I may be wrong here but i’m just trying to understand

Hi,

We have released a TensorFlow v2.0 package for Jetson.
Please reflash your device with JetPack4.3 and install TensorFlow with the command here:
https://docs.nvidia.com/deeplearning/frameworks/install-tf-jetson-platform/index.html

Thanks.

Does it include the C library support as well? Or is it only for Python3?

The reason I’m asking is because we have 3 different use cases:

  1. TF2 Dockerfile for C lib support
  2. TF2 Dockerfile for Python support
  3. TF2 Dockerfile for both Python and C lib support

Hi,
Thank you so much. I install tensorflow 2.1.0 on TX2.
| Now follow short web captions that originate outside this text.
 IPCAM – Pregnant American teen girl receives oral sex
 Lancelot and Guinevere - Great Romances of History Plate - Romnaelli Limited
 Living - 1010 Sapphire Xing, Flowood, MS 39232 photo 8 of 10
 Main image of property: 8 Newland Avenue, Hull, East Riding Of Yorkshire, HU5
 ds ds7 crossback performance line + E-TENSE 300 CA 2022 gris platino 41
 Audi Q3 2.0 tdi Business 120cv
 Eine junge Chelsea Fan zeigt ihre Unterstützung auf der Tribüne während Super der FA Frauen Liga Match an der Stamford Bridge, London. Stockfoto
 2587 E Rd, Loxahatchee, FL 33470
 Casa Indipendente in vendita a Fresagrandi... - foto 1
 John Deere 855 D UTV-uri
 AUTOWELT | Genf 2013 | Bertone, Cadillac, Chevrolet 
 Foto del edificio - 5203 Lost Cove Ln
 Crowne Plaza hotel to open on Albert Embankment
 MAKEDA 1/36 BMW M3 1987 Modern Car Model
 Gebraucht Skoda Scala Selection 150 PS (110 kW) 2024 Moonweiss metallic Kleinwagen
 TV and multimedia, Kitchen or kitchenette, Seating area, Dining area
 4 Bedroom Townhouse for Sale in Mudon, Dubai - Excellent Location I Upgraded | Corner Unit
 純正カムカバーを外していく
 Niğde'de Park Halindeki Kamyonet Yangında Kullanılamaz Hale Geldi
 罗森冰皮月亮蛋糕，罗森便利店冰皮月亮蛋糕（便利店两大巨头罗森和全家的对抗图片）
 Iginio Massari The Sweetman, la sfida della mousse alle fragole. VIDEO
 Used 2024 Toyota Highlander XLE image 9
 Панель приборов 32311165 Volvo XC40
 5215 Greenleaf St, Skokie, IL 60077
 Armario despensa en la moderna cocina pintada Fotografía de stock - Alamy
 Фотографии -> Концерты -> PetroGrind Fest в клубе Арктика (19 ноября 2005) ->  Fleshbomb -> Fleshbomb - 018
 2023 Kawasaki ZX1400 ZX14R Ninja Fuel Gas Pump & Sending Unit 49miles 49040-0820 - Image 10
I am trying to build tensorflow2.0.0 on tx2. below are the details.

System information

  • OS Platform and Distribution: jetpack 4.3
  • TensorFlow installed from (source or binary): source
  • TensorFlow version (use command below): 2.0.0
  • Python version: 2.7
  • Bazel version (if compiling from source): 0.26.1
  • GCC/Compiler version (if compiling from source): 7.5
  • CUDA/cuDNN version: 10.0/7.6.3
  • GPU model and memory: Tegra TX2

Describe the current behavior
when I try running sample application it is crashing. With error logs as “CUDA runtime implicit initialization on GPU:0 failed. Status: unknown error”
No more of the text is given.